Nichola McAuliffe has been causing quite a stir this week, depending on how you see it that is. She wrote a two page article in the Daily Mail about starring in the new musical Murderous Instincts. In it, the actress refers to the producer as having 'a habit of sacking everyone' and exposes that it is under rehearsed with previews cancelled. She finishes the article, which one can only assume is supposed to be read tongue-in-cheek, 'It'll be over by Christmas?'. Whether McAuliffe brings shame on the show or not, she is truthful in what she says Murderous Instincts is unlikely to have a long life. It's had little publicity, hardly any word of mouth and tickets are £50 the same as two massive award winners JerrySpringer the Opera and The Producers.
An interesting, enjoyable new documentary series started this week on BBC4. Theatre Biz, which was used as the excuse for why producers weren't showing the Laurence Olivier Awards (they were pooling their resources for this, apparently), is a series of interviews and stories about the West End theatre industry. The focus of this week's programme was the Theatre Royal Haymarket and their involvement with Ma Rainey's Black Bottom on Broadway. They had planned to bring it to the West End, but poor box office meant this never materialised. The series has two more episodes at 9pm on Sundays.

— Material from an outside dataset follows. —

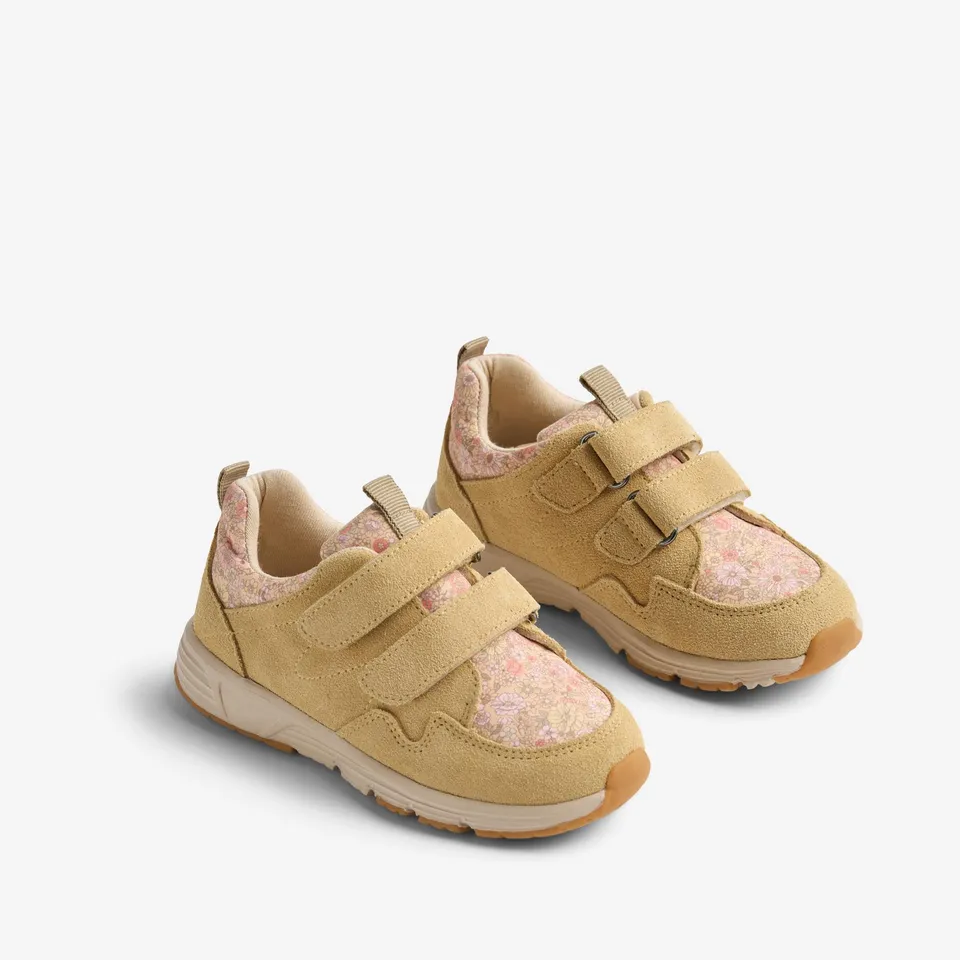 wheat-toney-sneaker-gelb-klett-kinderschuhe-leder image 1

Musicals such as Our House and Tonight's the Night, written using existing material, often resort to gimmicks with former band members. Our House saw Madness front man Suggs appear in a lead and now Tonight's the Night will have Rod Stewart's partner Penny Lancaster for its final two weeks (it closes in October). The musical, penned by We Will Rock You author Ben Elton, is based around the back catalogue of the former Faces' star and features such songs as Do Ya Think I'm Sexy and Hot Legs.
Everyone knows that the theatre industry is an unpredictable place, especially when it comes to Sondheim musicals of late (see Assassins, Bounce). So who would have guessed that the 25th Anniversary production of Stephen Sondheim's Sweeney Todd, starring a cast of just nine performers, would transfer from a 216 seater theatre to a new West End space of 380 seats and end up transferring to the New Ambassador's with a total of 450 seats?! Well, perhaps it's not so unexpected - as the production had such talented performers (they all play musical instruments as well as characters) and such a unique concept, word of mouth has been fantastic for the show. Some critics, however, disliked the simplistic staging.

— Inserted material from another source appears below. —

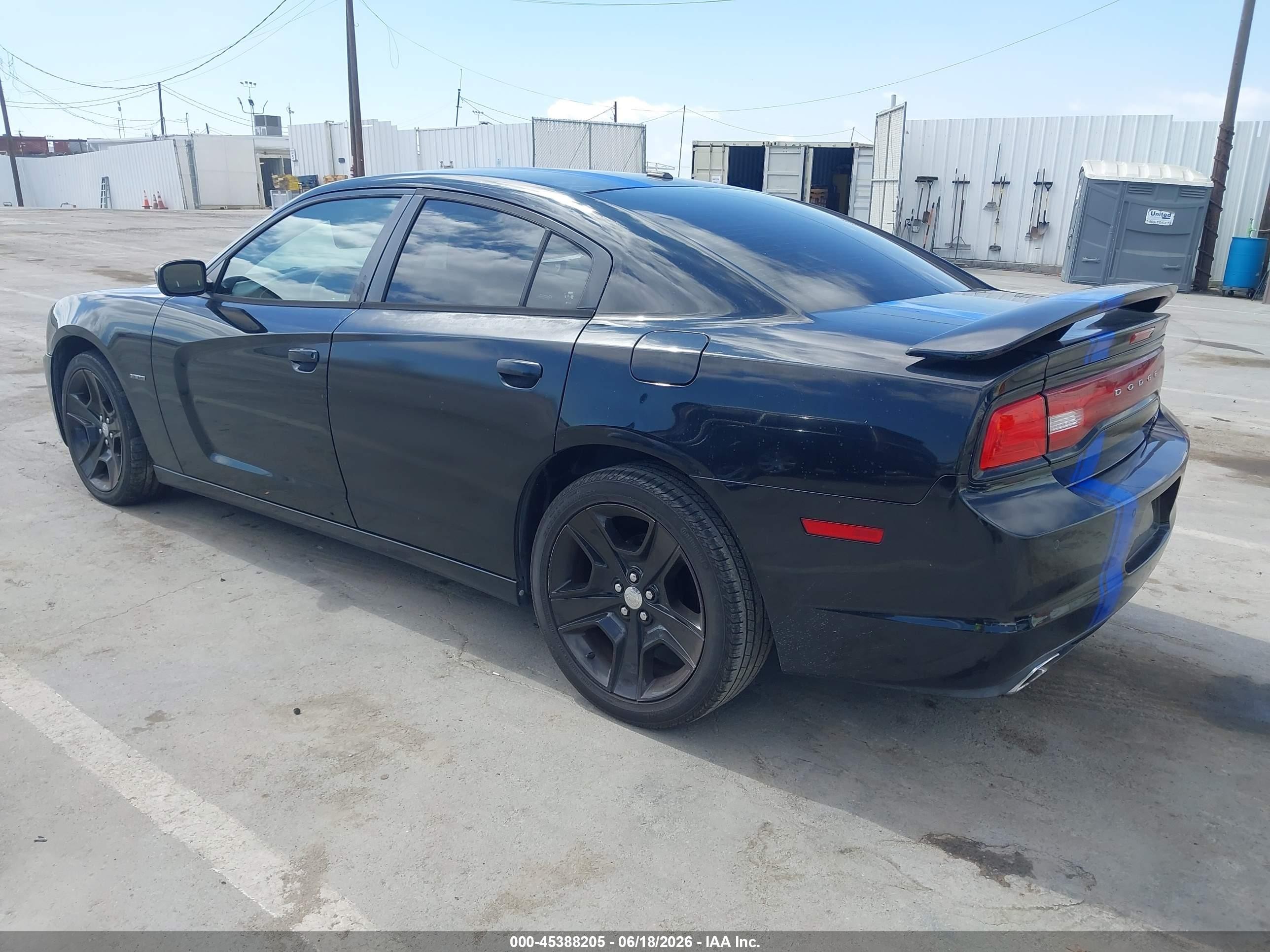 2011 Dodge Charger R/t Black vin: 2B3CL5CT9BH616626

Prepare yourself for another dose of unique origami Puppetry of the Penis makes a West End return. Carrying the warning "An adults-only, non-sexual show featuring full-frontal male nudity", the show will transfer again - from the Edinburgh Fringe Festival, where it played at the Pleasance Courtyard. Its previous outing in London, at the Whitehall Theatre, broke all previous box office records. Producers may be hoping for similar success for its three week run at the Apollo Theatre, immediately following Ross Noble's Edinburgh transfer Noodlemeister.